(Recorded data)
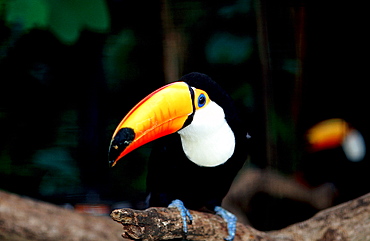 Toco Toucan, Ramphastos Toco, Brasilia, Amazone rainforest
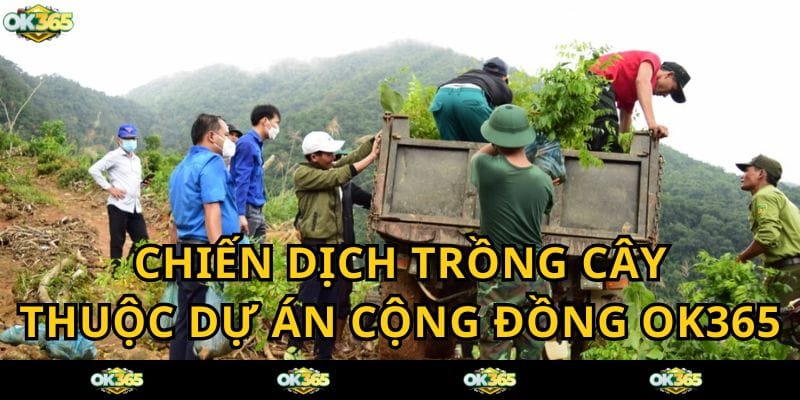 Chiến dịch trồng cây - Hoạt động cộng đồng của OK365 COM góp phần bảo vệ môi trường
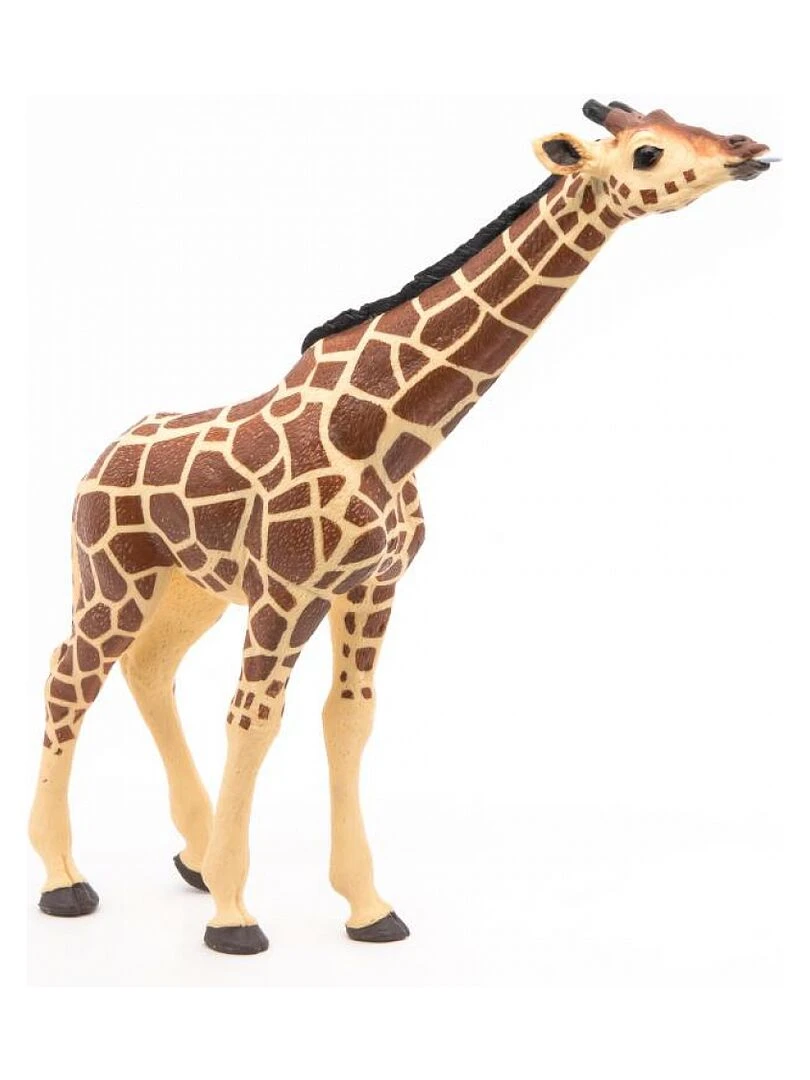 50236 Girafe Tête Levée Savane   N/A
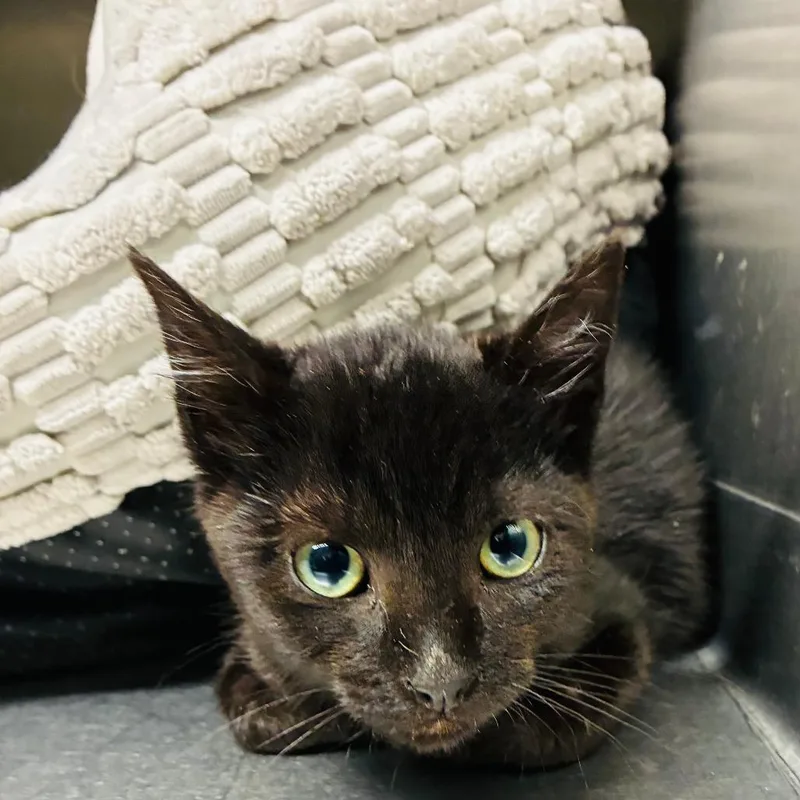 A young small-sized male Black Domestic Short Hair cat named Wilbert for adoption in Point Richmond, CA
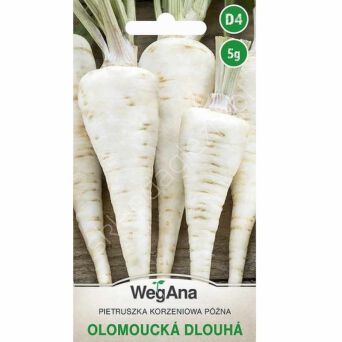 Pietruszka Olomoucka Dlouha 5g W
(End Recorded data)
## Exercise prompt
All entries are to be duplicated exactly, with the pictures left out.

## Exercise solution
 Toco Toucan, Ramphastos Toco, Brasilia, Amazone rainforest
 Chiến dịch trồng cây - Hoạt động cộng đồng của OK365 COM góp phần bảo vệ môi trường
 50236 Girafe Tête Levée Savane   N/A
 A young small-sized male Black Domestic Short Hair cat named Wilbert for adoption in Point Richmond, CA
 Pietruszka Olomoucka Dlouha 5g W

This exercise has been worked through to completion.